Problem to solve:
If a line below includes the string "tiny", copy it.

[Saved entries]
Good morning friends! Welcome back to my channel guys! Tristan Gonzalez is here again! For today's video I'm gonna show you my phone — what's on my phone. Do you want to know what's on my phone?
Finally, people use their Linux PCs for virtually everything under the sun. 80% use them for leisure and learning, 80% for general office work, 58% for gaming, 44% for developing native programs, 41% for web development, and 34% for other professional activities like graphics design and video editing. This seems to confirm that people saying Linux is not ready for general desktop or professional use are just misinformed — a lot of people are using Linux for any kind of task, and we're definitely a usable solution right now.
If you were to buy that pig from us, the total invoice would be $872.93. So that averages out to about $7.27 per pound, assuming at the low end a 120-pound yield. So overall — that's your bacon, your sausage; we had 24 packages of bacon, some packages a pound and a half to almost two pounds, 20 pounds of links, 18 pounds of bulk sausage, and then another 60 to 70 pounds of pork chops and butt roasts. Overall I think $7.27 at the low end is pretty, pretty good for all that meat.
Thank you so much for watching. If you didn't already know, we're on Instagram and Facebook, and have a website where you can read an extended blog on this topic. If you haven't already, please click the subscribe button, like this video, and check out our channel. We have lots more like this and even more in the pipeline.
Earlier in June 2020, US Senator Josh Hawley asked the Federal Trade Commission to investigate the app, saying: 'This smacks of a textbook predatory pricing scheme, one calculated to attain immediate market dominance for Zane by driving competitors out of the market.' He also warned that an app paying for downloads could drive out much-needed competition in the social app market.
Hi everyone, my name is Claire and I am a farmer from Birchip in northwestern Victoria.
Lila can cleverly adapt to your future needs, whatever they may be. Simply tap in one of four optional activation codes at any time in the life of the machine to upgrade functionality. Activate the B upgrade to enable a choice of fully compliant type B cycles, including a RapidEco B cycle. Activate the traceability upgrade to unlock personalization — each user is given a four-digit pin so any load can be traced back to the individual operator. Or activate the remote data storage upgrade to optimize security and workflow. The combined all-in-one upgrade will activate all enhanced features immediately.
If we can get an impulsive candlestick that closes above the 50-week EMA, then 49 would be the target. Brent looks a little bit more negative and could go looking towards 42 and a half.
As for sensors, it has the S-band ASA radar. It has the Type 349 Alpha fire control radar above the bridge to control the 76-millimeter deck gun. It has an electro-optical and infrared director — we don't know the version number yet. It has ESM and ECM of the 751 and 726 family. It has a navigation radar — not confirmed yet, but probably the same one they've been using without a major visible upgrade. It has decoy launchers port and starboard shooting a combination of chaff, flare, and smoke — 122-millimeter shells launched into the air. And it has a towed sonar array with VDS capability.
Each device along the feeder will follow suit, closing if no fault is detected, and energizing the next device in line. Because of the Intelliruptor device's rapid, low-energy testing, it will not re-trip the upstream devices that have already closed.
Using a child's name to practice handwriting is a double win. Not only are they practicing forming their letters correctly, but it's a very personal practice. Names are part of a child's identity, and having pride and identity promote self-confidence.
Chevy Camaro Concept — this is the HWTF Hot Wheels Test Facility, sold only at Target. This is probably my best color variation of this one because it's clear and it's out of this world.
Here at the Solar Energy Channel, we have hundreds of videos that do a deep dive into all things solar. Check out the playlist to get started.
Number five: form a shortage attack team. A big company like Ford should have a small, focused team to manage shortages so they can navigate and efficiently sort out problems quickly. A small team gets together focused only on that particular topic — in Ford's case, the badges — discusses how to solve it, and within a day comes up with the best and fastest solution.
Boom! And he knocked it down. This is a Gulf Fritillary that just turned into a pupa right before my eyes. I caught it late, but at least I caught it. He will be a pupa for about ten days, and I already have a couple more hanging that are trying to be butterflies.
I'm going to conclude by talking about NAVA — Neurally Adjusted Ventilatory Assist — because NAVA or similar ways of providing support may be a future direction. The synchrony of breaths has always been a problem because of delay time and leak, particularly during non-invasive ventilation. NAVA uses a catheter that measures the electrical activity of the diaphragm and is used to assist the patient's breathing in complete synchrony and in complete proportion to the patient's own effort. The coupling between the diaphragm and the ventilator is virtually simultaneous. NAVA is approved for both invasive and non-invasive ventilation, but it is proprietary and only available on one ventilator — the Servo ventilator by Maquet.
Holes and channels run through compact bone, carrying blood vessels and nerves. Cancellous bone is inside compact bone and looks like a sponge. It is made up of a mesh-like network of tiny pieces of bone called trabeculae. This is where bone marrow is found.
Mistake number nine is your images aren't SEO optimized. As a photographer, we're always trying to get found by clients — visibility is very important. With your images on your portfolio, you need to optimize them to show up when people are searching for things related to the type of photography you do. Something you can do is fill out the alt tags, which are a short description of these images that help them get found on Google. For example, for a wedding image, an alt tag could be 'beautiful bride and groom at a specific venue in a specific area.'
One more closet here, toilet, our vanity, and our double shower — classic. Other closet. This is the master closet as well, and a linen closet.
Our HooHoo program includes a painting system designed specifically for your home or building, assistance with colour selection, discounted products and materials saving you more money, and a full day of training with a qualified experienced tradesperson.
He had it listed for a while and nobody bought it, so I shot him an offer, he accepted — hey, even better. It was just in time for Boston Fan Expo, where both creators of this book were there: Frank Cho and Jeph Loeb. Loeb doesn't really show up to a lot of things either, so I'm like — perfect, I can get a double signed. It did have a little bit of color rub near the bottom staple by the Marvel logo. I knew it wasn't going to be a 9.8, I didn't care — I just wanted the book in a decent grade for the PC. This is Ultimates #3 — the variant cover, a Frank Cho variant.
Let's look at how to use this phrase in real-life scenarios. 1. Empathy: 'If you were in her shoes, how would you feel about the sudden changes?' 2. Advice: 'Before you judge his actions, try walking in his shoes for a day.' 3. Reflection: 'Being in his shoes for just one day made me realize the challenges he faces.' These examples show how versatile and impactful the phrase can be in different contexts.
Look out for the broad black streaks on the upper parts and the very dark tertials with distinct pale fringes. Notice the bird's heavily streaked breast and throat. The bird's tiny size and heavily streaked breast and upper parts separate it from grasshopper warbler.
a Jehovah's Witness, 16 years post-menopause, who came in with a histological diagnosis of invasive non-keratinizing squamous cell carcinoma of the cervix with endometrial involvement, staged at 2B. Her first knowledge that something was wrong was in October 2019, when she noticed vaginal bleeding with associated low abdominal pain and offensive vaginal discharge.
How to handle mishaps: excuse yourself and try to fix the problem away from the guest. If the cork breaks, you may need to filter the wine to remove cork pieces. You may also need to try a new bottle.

Answer box:
Holes and channels run through compact bone, carrying blood vessels and nerves. Cancellous bone is inside compact bone and looks like a sponge. It is made up of a mesh-like network of tiny pieces of bone called trabeculae. This is where bone marrow is found.
Look out for the broad black streaks on the upper parts and the very dark tertials with distinct pale fringes. Notice the bird's heavily streaked breast and throat. The bird's tiny size and heavily streaked breast and upper parts separate it from grasshopper warbler.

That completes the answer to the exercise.